■ The problem ■
Print the data verbatim. Leave every image out.

■ Information provided ■

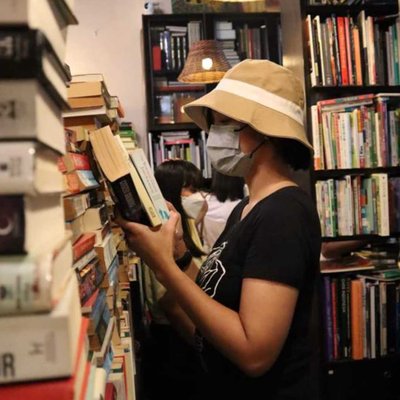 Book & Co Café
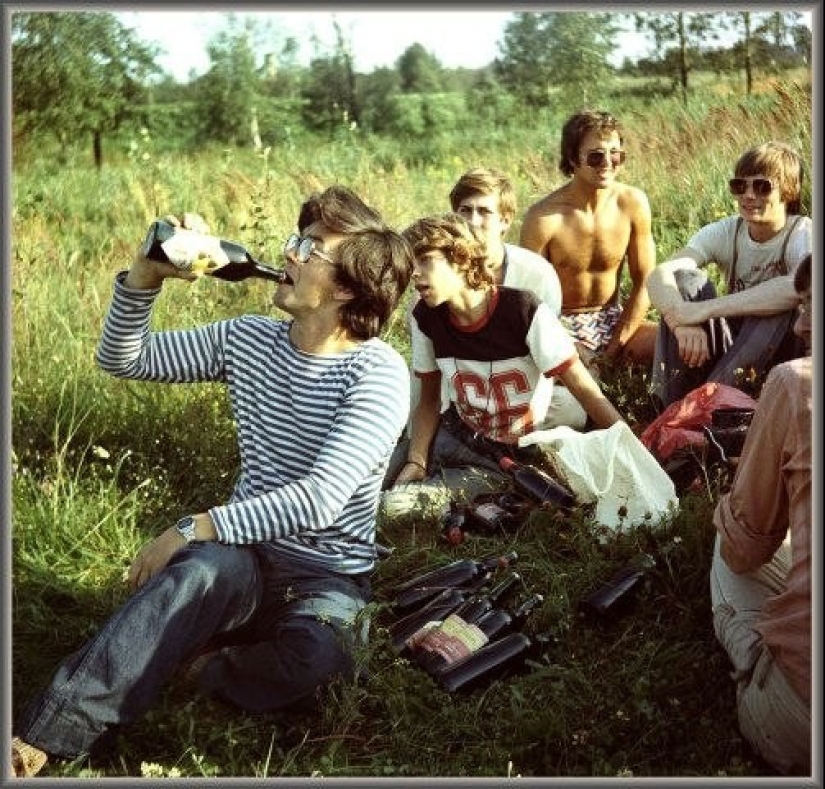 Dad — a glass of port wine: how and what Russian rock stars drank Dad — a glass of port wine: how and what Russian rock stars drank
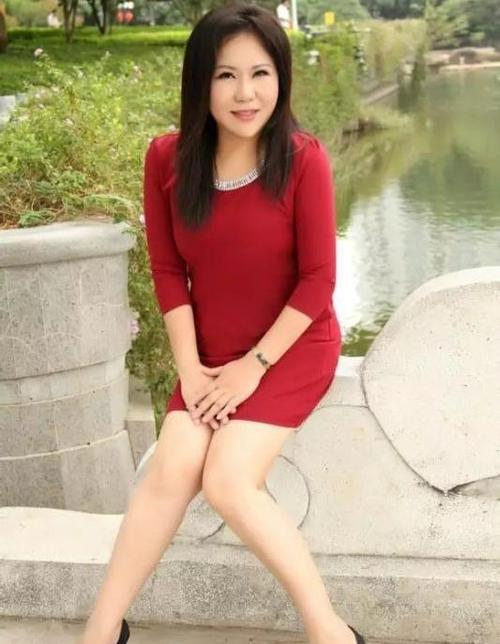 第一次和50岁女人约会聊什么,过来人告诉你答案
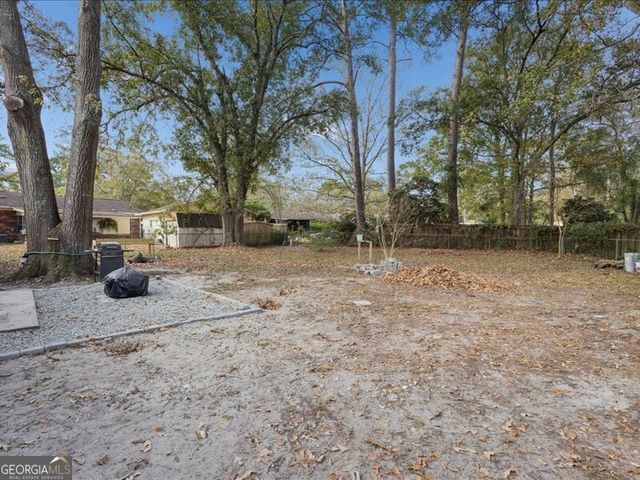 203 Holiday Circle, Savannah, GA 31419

■ Task solution ■
 Book & Co Café
 Dad — a glass of port wine: how and what Russian rock stars drank Dad — a glass of port wine: how and what Russian rock stars drank
 第一次和50岁女人约会聊什么,过来人告诉你答案
 203 Holiday Circle, Savannah, GA 31419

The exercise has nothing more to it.